BUILD.lua currently only has a comment in it:

--[[
    This is the top-level build description. This is where you either create
    build rules or delegate to other Lua scripts to create build rules.

    See the documentation for more information on how to get started.
]]

To generate our rules using Lua, we can add this to the end of BUILD.lua:

rule {
    inputs  = {"foo.c", "foo.h"},
    task    = {{"gcc", "-c", "foo.c", "-o", "foo.o"}},
    outputs = {"foo.o"},
}

rule {
    inputs  = {"bar.c", "foo.h"},
    task    = {{"gcc", "-c", "bar.c", "-o", "bar.o"}},
    outputs = {"bar.o"},
}

rule {
    inputs  = {"foo.o", "bar.o"},
    task    = {{"gcc", "foo.o", "bar.o", "-o", "foobar"}},
    outputs = {"foobar"},
}

rule is a function that takes a table as an argument. Since we’re working with a full-fledged programming language, we can add more abstractions so it isn’t so verbose. Indeed, there are modules to do exactly that:

local cc = require "rules.cc"

cc.binary {
    name = "foobar",
    srcs = glob "*.c",
}

"rules.cc" is a module that lets you generate rules for C and C++ builds. Here, calling cc.binary generates the compilation and linker rules for us. This is the JSON file it generates:

[
    {
        "inputs": ["bar.c"],
        "task": [["gcc", "-c", "bar.c", "-o", "bar.c.o"]],
        "outputs": ["bar.c.o"],
        "display": "cc bar.c"
    },
    {
        "inputs": ["foo.c"],
        "task": [["gcc", "-c", "foo.c", "-o", "foo.c.o"]],
        "outputs": ["foo.c.o"],
        "display": "cc foo.c"
    },
    {
        "inputs": ["bar.c.o", "foo.c.o"],
        "task": [["gcc", "-o", "./foobar", "bar.c.o", "foo.c.o"]],
        "outputs": ["./foobar"],
        "display": "ld foobar"
    }
]

You may notice that there is a new "display" field. This just gives a human-readable name to the task. The display name is printed in the output instead of the command line of the task. It is not uncommon for command lines to get very long and thus very unreadable. Linker commands that are linking in many object files are usually the biggest offenders.

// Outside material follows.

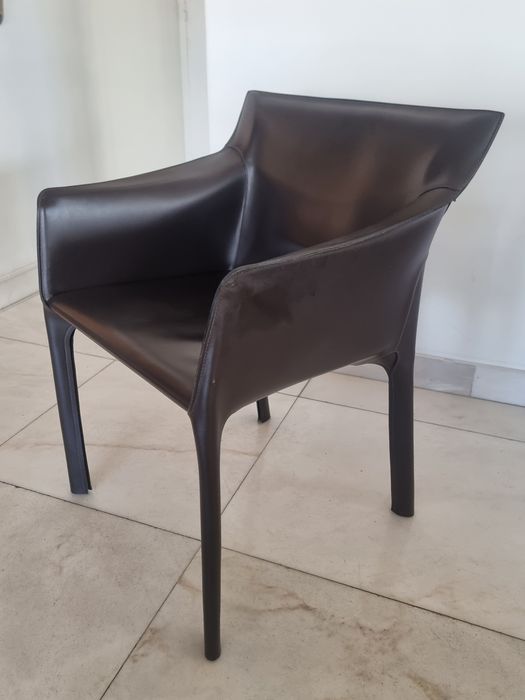 8 Cadeiras  Matteo Grassi, Cocoa Saddle Leather Chair,  Italy, 1970s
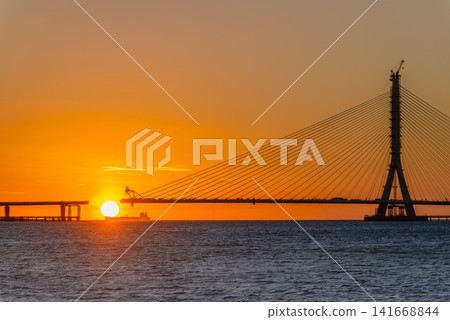 Sunset View of the Danjiang Bridge in Tamsui, Taiwan Sunset View of the Danjiang Bridge in Tamsui, Taiwan 141668844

Your BUILD.lua should now look like this:

--[[
    This is the top-level build description. This is where you either create
    build rules or delegate to other Lua scripts to create build rules.

    See the documentation for more information on how to get started.
]]

local cc = require "rules.cc"

cc.binary {
    name = "foobar",
    srcs = glob "*.c",
}

Now we can run a build:

$ button build
 > button build --color=always -f .BUILD.lua.json
 > cc bar.c
 > cc foo.c
 > ld foobar

Notice that the display names were shown instead of the full command lines.

BUILD.lua can be freely modified and Button will detect changes to it and rebuild as necessary. If we modify BUILD.lua without changing how the build description is generated, nothing will get rebuilt.